NVIDIA is wanting to support DMA-BUF with their driver so that buffers can be shared between its driver and the other open-source (and potentially other closed-source) graphics drivers in multi-GPU systems, such as the notorious notebooks sporting both NVIDIA discrete graphics and Intel integrated graphics. NVIDIA has been after using DMA-BUF for a number of months but currently the symbols for it are exported as being GPL-only so their non-GPL driver can't access them.

NVIDIA has kindly requested multiple times so that it can share the buffers with this kernel infrastructure, but the change hasn't happened. NVIDIA isn't looking to steal a bunch of kernel code and pump it into their binary blob, they are just looking to use this unified infrastructure for passing buffers between drivers in a standardized way. ARM SoC vendors with proprietary drivers would also like to leverage DMA-BUF between their binary drivers too.

The main critic of changing the DMA-BUF symbols to not be exported as GPL-only is Alan Cox. Alan has been very vocal about rejecting the NVIDIA-requested change as he doesn't want NVIDIA's binary -- but widely-used -- graphics driver to support the DMA-BUF infrastructure. NVIDIA is now trying to properly support Optimus, but they're being blocked by Alan Cox and others.

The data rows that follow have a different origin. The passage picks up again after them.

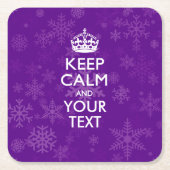 パーソナライズされた保CALMとYour Text for Snow スクエアペーパーコースター (正面)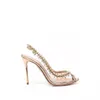 New Season Aquazzura Shoes Tequila Sandals 105 Sparkling Party Italy Clear Pvc Dress Shoes women Heels crysta buckle sexy strap 100% leather sole sandal with box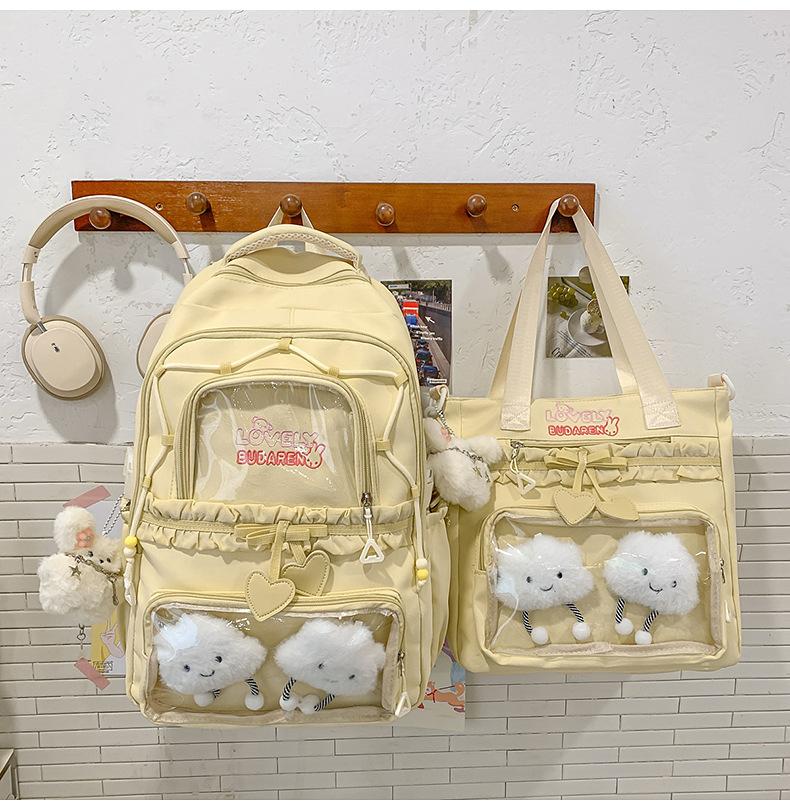 Schoolbagins Style High-value Student Schoolbag Female Korean College Style Two-piece Backpack Ballet Style Lace Make-up Bag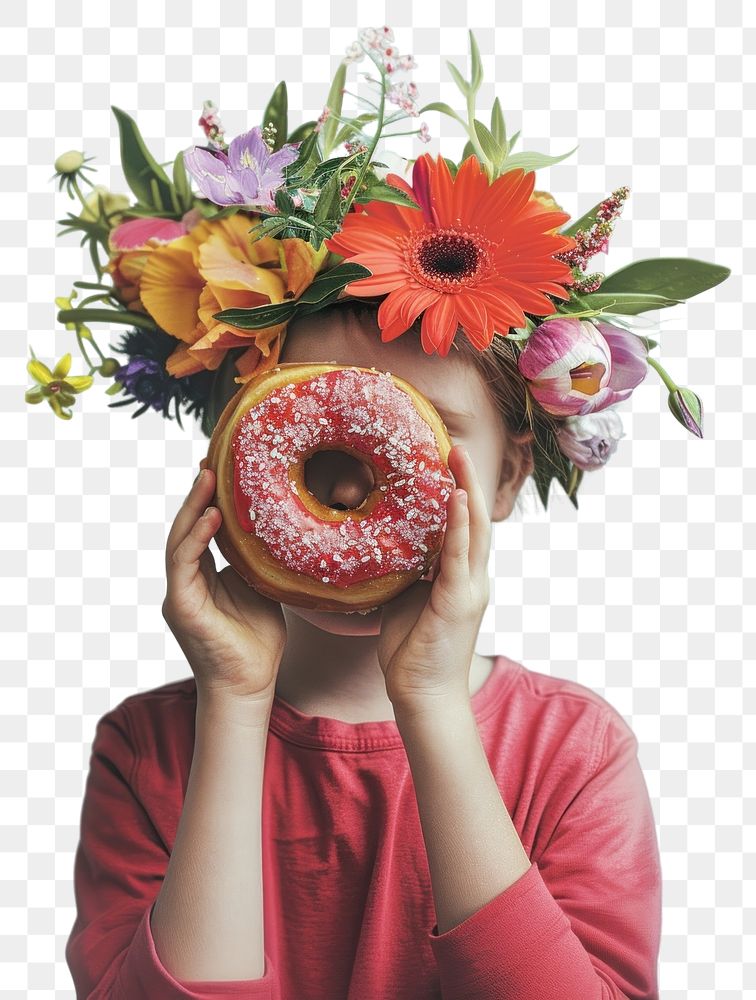 PNG A donut flower confectionery photography.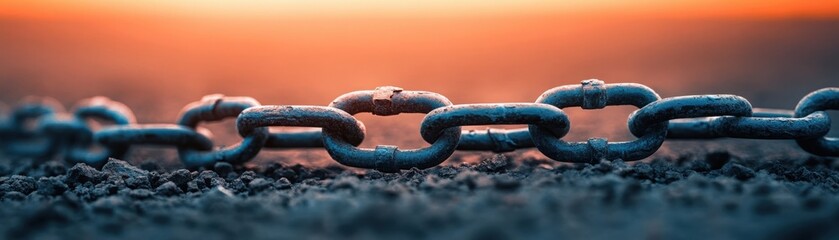 A metal chain lies on rough ground, captured in close-up with a warm, blurred sunset in the background.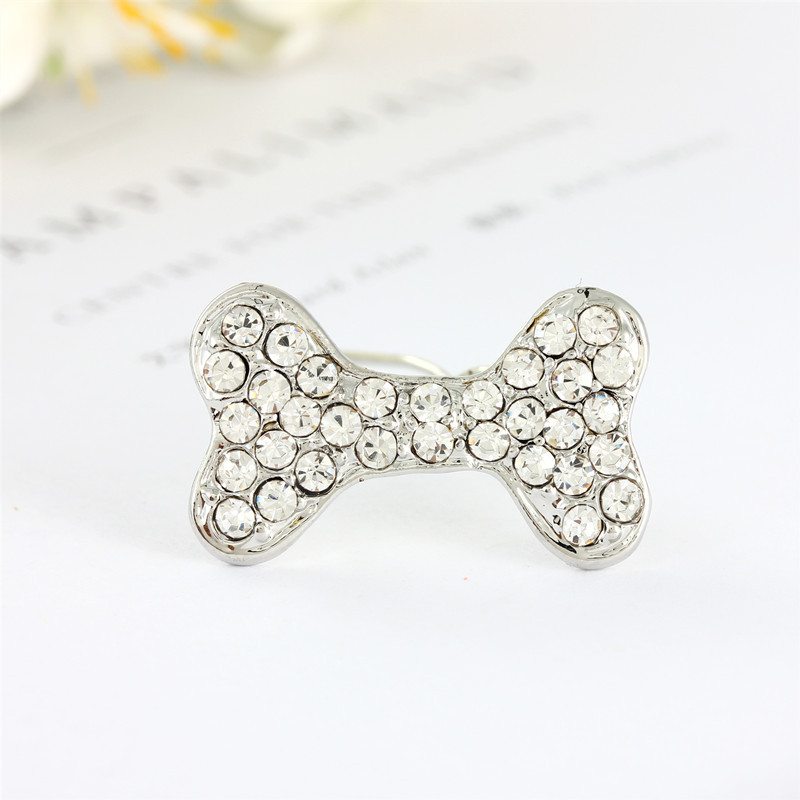 5 Pcs Girl Dog Hair Clips Cute Dog Bone Hairpin Pink Hair Barrettes Rhinestones Dog Hair Pins for Puppy Kitten Pet Party Birthday Hair Grooming Access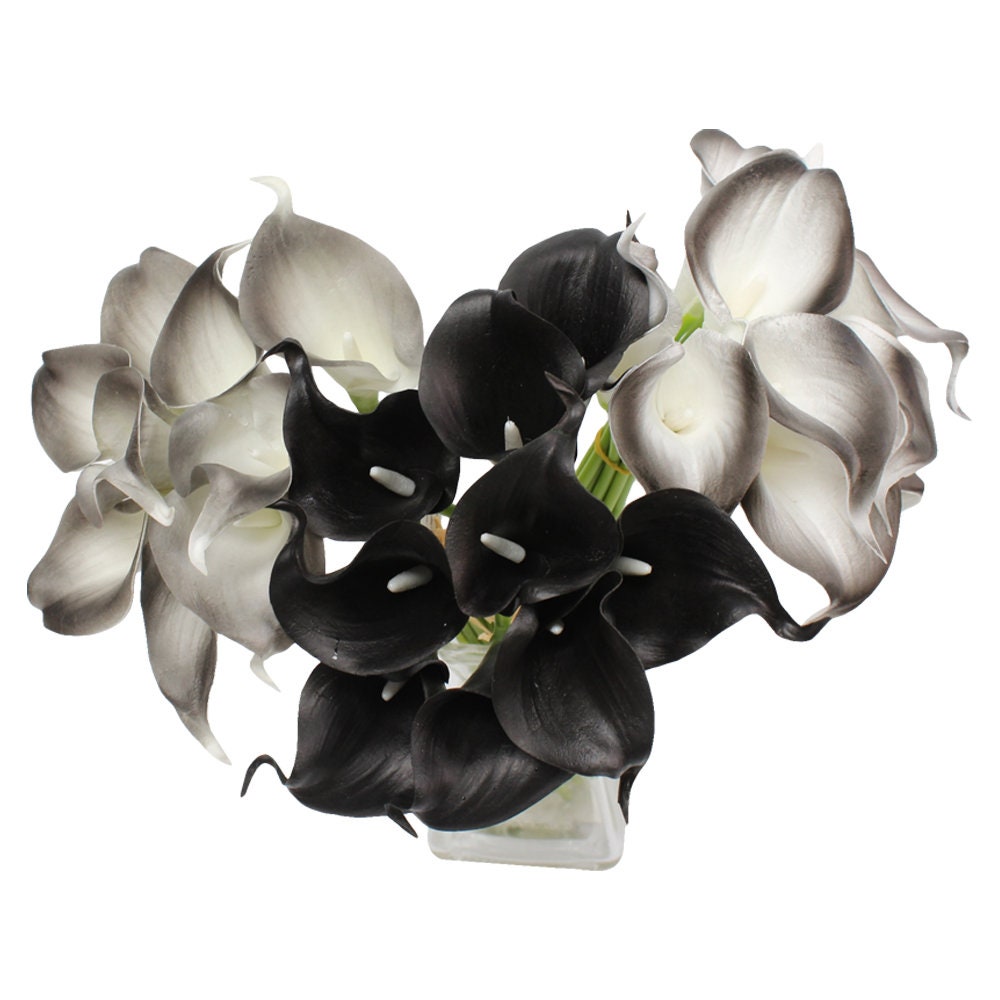 Quality Real Touch calla lily black smokey grey theme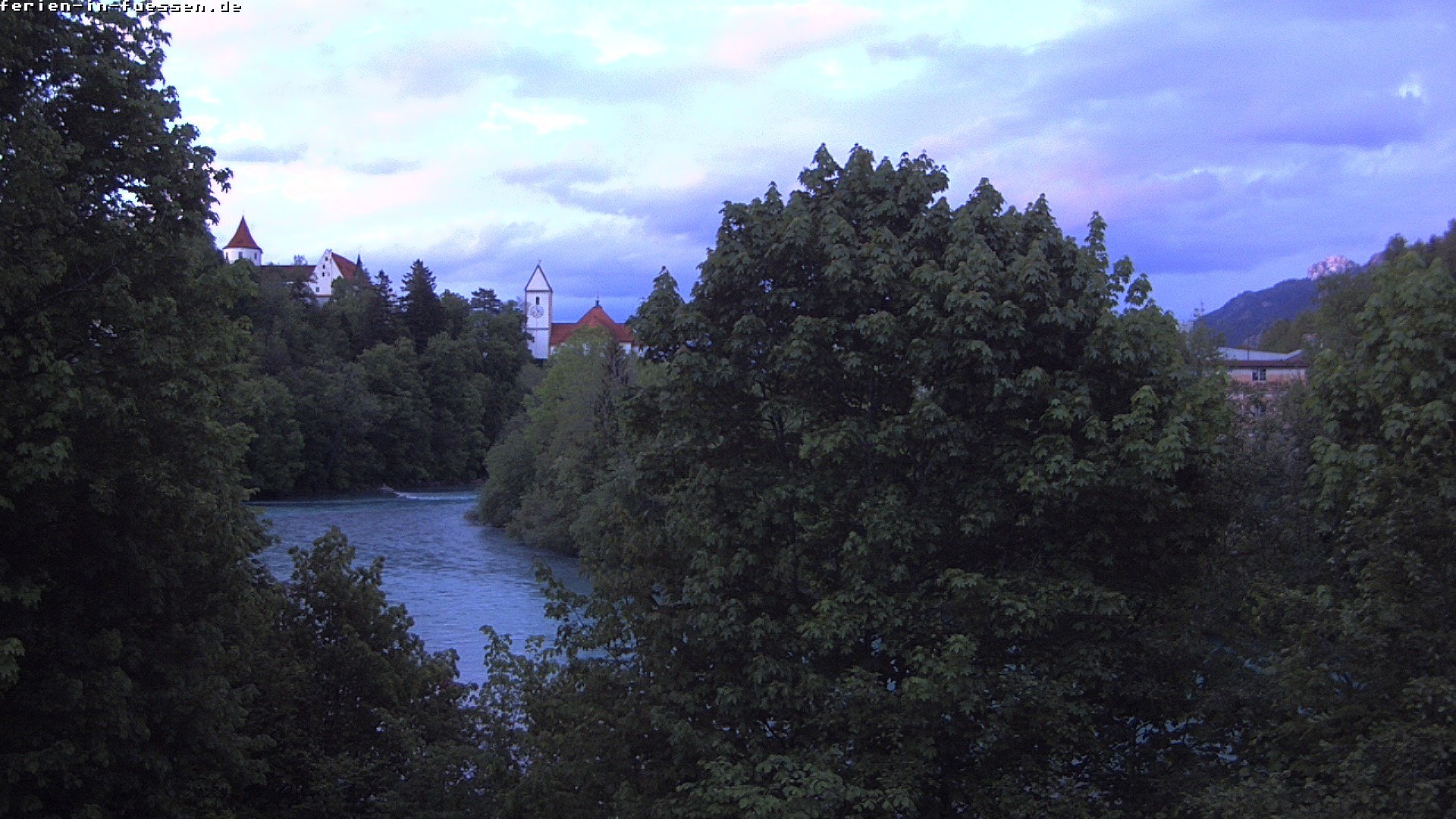 Archiv Foto Webcam Füssen: Blick auf Lech und Hohes Schloss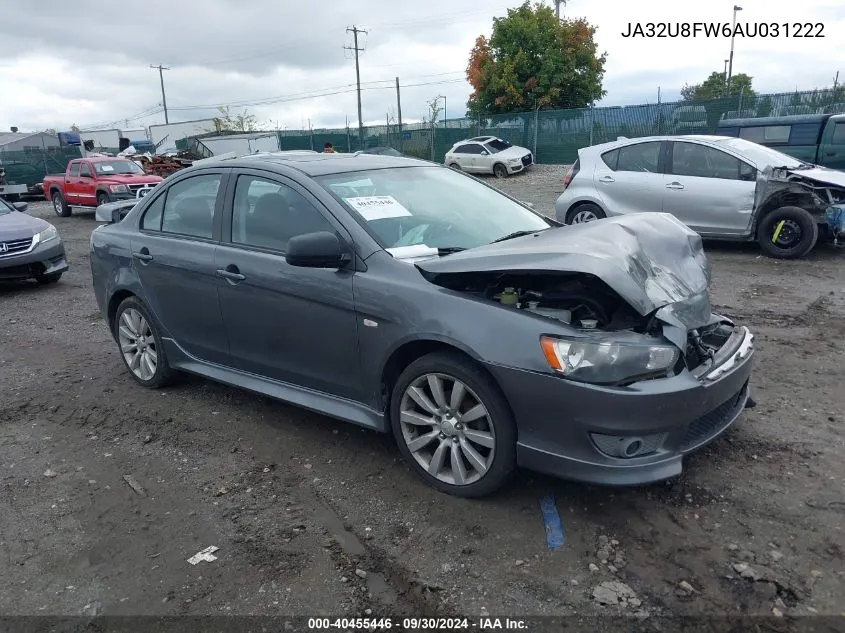 2010 Mitsubishi Lancer Gts VIN: JA32U8FW6AU031222 Lot: 40455446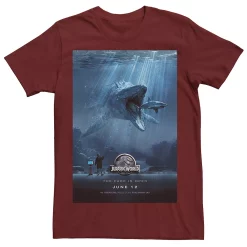 Men's Jurassic World Mosasaurus Movie Poster Tee -Men's Skechers Shoes Shop 4394741 Cardinal
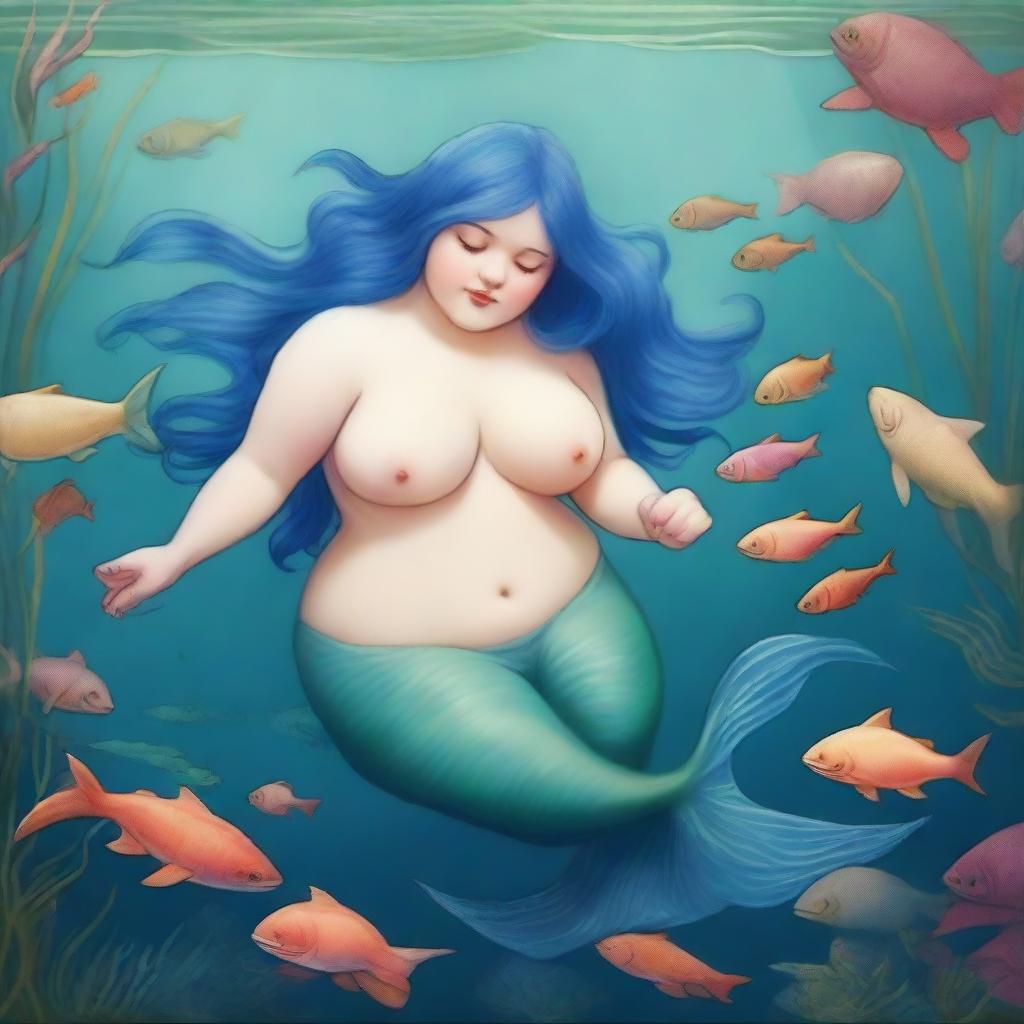 Create an image of a chubby mermaid with short blue hair in a pre-Raphaelite art style, swimming alongside a gentle shark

Cox sees his rights being violated if DMA-BUF is not GPL-only even though this is kernel infrastructure code and is in the name of improving driver interoperability. Even David Airlie and other open-source graphics drivers are in support of this change. "I'd rather let the users have some hope of a sane architecture, instead of nvidia having to replace even more userspace code and kernel code with their own insane shit."

Without this, NVIDIA will be forced to reinvent the wheel and come up with their own infrastructure that might not work with the other open-source DRM drivers or just abandon their Optimus support plans. NVIDIA isn't going to simply open-source their driver and they need a way to share buffers/data with the other drivers.

Telling Linux desktop users to use Nouveau instead of the NVIDIA blob also isn't a legitimate option. The Nouveau driver is much slower than the binary driver, doesn't even have proper re-clocking support right now, the power management situation is a mess, the highest GL compliance reached right now is OpenGL 3.0, and many other features are lacking.